草なぎ剛×ユースケ・サンタマリア『なぎスケ!』が届ける“大人の青春” 二人のゆるさが窮屈な世の中の救いに?
草なぎ剛とユースケ・サンタマリアのコンビが、帰ってきた。1998年から2018年まで約20年もの間、深夜バラエティ『「ぷっ」すま』(テレビ朝日系)で名コンビぶりを見せてきた2人。今度は地上波テレビから、インターネット番組へ。タイトルを『なぎスケ!』(Amazonプライム・ビデオ)と改めて、12月19日にスタートした。初回はエピソード5まで一気に配信。次回以降は毎週木曜12時に最新エピソードが更新されていくという。
早速見てみると、ユースケ・サンタマリアの夢であるシガーBARを実現させたという設定を、草なぎがニコニコしながら崩していく。「久しぶり」という流れも「スーパーで会ってるし(笑)」とぶった切る。また、“大人の趣味を探す“という番組テーマにも関わらず、「23区を出るロケはしたくない」「自腹払う企画は嫌だ」などと気づけば、やりたくないものリストが羅列してしまう始末だ。
さらには、『「ぷっ」すま』をスタートしたころは、20代だった2人も今や40代後半ということで、“大人っぽくカッコいい番組のテーマソングを“と想定していたところ、〈なななな なななな なぎスケだ!〉と「何これ?」な面白ソングになって、身をよじらせ大爆笑。スタッフが設定を作れば崩し、気合を入れればグダグダに。なのに、見終わったときには期待ハズレなんて思わせないのが、“なぎスケ“コンビの魅力だ。

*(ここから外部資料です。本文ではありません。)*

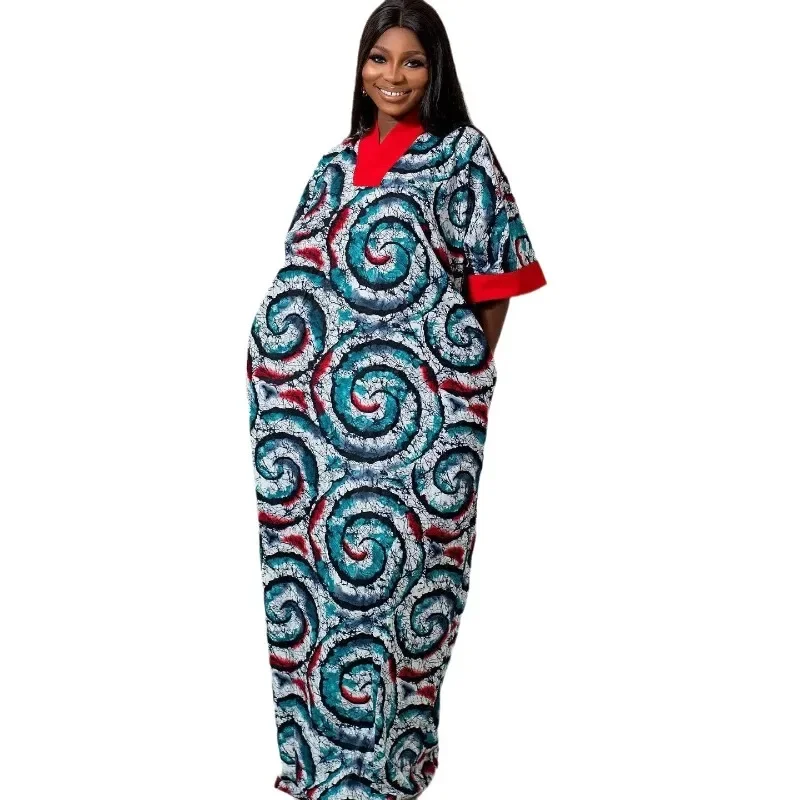 

African Maxi Dresses for Women 2024 Spring Summer Elegant Africa Half Sleeve V-neck Plus Size Long Dress Dashiki Africa Clothing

なぜ、この空気感が多くの人を魅了するのだろうか。ユースケ・サンタマリアの女性好きなキャラクターは、今のご時世「セクハラだ」と言われかねないところもあるし、草なぎのゲストの名前を間違えてしまうところなど「失礼だ」と怒られてしまいそうなところもある。それでも、この2人の番組が成り立っているのは、2人が最初に「期待しないで」「面白くはない」などと、あらかじめ自分たちの「ゆるさ」を強調しているからではないか。
今の時代、私たちは期待をしすぎているのかもしれない。面白くて当たり前、だからつまらないと叩かれる。失敗しなくて当たり前、だからちょっとのミスも許されない。便利なのが当たり前、だから少しの不具合も我慢できない。当たり前のレベルが上がりすぎて、その期待が満たされないときに、不満がより大きく感じる。そんな窮屈な世の中にいつの間にかなっているのかもしれない。